Collection de musique électroacoustique latino-américaine

Musique ici... et là

César Bolaños en 1966 dans le  laboratoire CLAEM, Buenos Aires.
Entretien avec César Bolaños
Entretien avec César Bolaños
Entretien avec Horacio Vaggione, 2003
Entretien avec Horacio Vaggione, 2003
Entretien avec Alfredo del Mónaco
Entretien avec Alfredo del Mónaco
Selon le Répertoire international des musiques électroacoustiques / International electronic music catalogue de Hugh Davies de 1968, Mauricio Kagel (n. Buenos Aires, 1931) a composé huit études électroacoustiques en Argentine entre 1950 et 1953. Puis, de 1953 à 1954, il a créé Música para la Torre (aussi connue sous le nom de Musique de Tour ), une sonorisation de quelque 108 minutes, qui comprend un essai sur la musique concrète, à l’intention d’une exposition industrielle à Mendoza. Kagel a, en vain, tenté d’établir un studio de musique électronique en Argentine pendant les années 1950. Il a déménagé en Allemagne en 1957, où il a composé, entre autres, Transición I pour sons électroniques en 1958 et Transición II pour piano, percussion et deux magnétophones en 1958-1959.

Reginaldo Carvalho (n. Guarabira, 1932) a composé ses premières œuvres de musique concrète sur bande entre 1956 et 1959 au « Estudio de Experiencias Musicais » (Studio d’expériences musicales) à Rio de Janeiro.

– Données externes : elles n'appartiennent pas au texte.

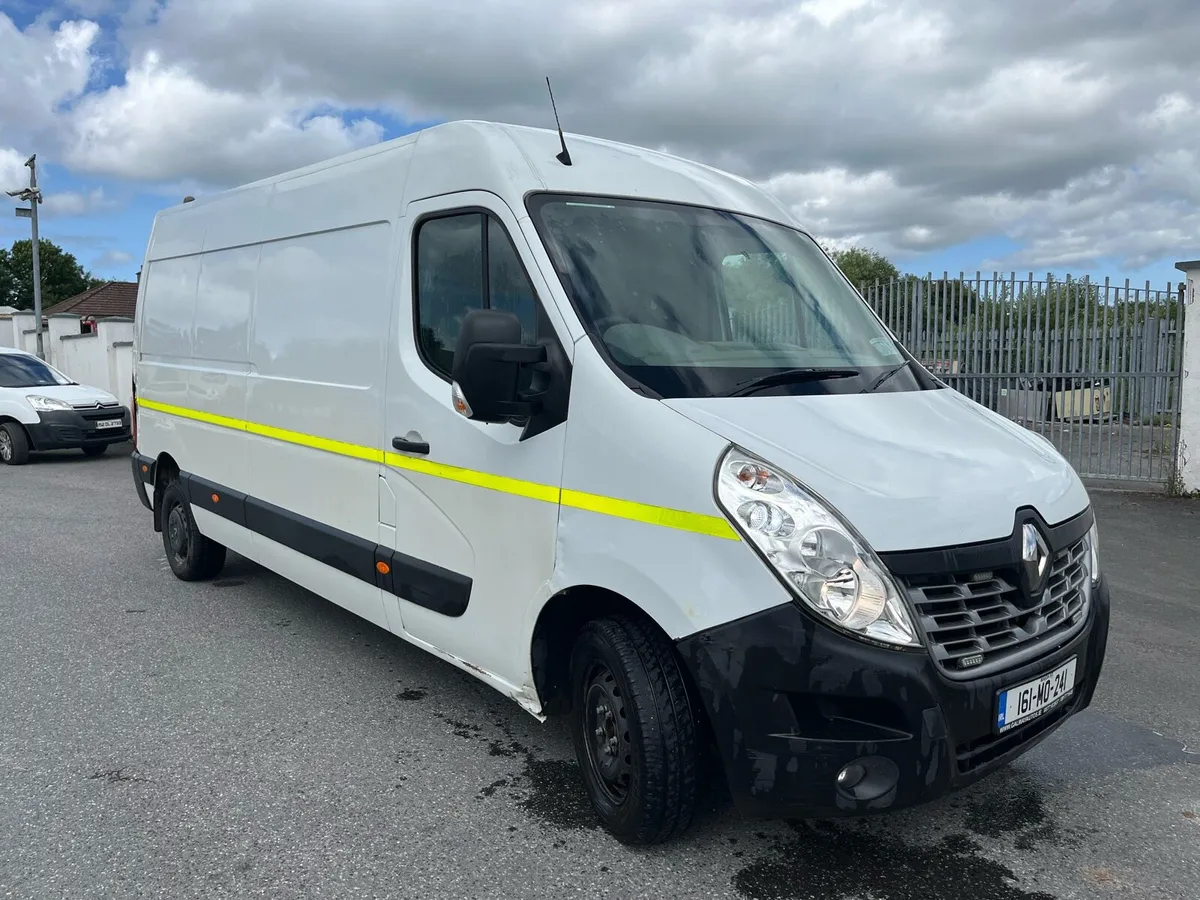 161 Renault master tax & tested - Image 1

De ce nombre, mentionnons Si bemol, qui date de 1956 et est probablement la première œuvre de musique concrète réalisée au Brésil; Temática et Troço I, composées la même année; Troço II, en 1957; Estudo I, en 1958; et Estudo II, en 1959. Si les premières œuvres sur bande reposaient toutes sur des sons de piano, Carvalho a aussi fait appel au verre et au bois comme sources sonores.

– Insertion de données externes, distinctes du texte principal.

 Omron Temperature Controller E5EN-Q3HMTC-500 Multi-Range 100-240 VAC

Au Chili, León Schidlowsky (n. Santiago, 1931) a composé Nacimiento, une œuvre de musique concrète sur bande, en 1956. À l’époque, Juan Amenabar (n. Santiago, 1922 - d. Santiago, 1999) et José Vicente Asuar (n. Santiago, 1933) expérimentaient des techniques électroacoustiques à Radio Chilena, à Santiago. En 1957, le Taller Experimental de Sonido (Atelier de son expérimental) a été institué à l’Université Catholique de Santiago par Amenabar et Asuar, de concert avec un petit groupe de compositeurs : Schidlowsky, Mesquida, Rivera, Quinteros, Maturana et García. Fernando García a dit au sujet du Taller : « Il a été créé en 1957, et l’idée n’était pas de parler de musique et de produire des concerts théoriques, mais plutôt d’apprendre les mystères de l’électronique ». Juan Amenabar a donné la première de sa composition sur bande Los Peces en 1957. Asuar a écrit Mechanic and Electronic Generation of Musical Sounds pour sa thèse en génie et en 1958 il a créé le premier studio de musique électronique du Chili à l’Université Catholique, où il a composé ses Variaciones Espectrales, dont la première a eu lieu en 1959.

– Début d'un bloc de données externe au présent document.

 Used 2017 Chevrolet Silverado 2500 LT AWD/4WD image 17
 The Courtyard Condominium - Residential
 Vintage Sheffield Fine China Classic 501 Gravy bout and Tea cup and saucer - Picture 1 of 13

Kagel n’était pas le seul compositeur argentin à s’intéresser aux nombreuses possibilités des technologies et techniques électroacoustiques à cette époque. Tirso de Olazábal (n. Buenos Aires, 1924 - d. 1960) vivait à Paris au début des années 1950, où il travaillait avec des médias électroacoustiques et a composé Estudio para percusión pour bande en 1957. Il a aussi organisé un des premiers concerts de musique électroacoustique en Argentine en 1958. À la fin de cette année-là, l’Estudio de Fonología Musical a été fondé à l’Université de Buenos Aires par Francisco Kröpfl (n. Timisoara, Roumanie, 1931) et Fausto Maranca; c’est dans ce labo qu’en 1959 et 1960 Kröpfl a composé ses premières œuvres avec sons électroniques : Ejercicio de texturas et Ejercicio con Impulsos. Pendant la même période, César Franchisena (n. General Pinedo, 1923 - d. Córdoba, 1992) expérimentait aussi avec des sources sonores électroniques à la station de radio de l’Université Nationale de Córdoba et a composé Numancia, sa musique de ballet pour bande, en 1960. Et un jeune Horacio Vaggione (n. Córdoba, 1943) commençait au même moment à s’intéresser à Córdoba au potentiel musical des technologies électroacoustiques, composant Música Electrónica I pour bande en 1960 et Ensayo sobre mezcla de sonidos, Ceremonia et Cantata I en 1961.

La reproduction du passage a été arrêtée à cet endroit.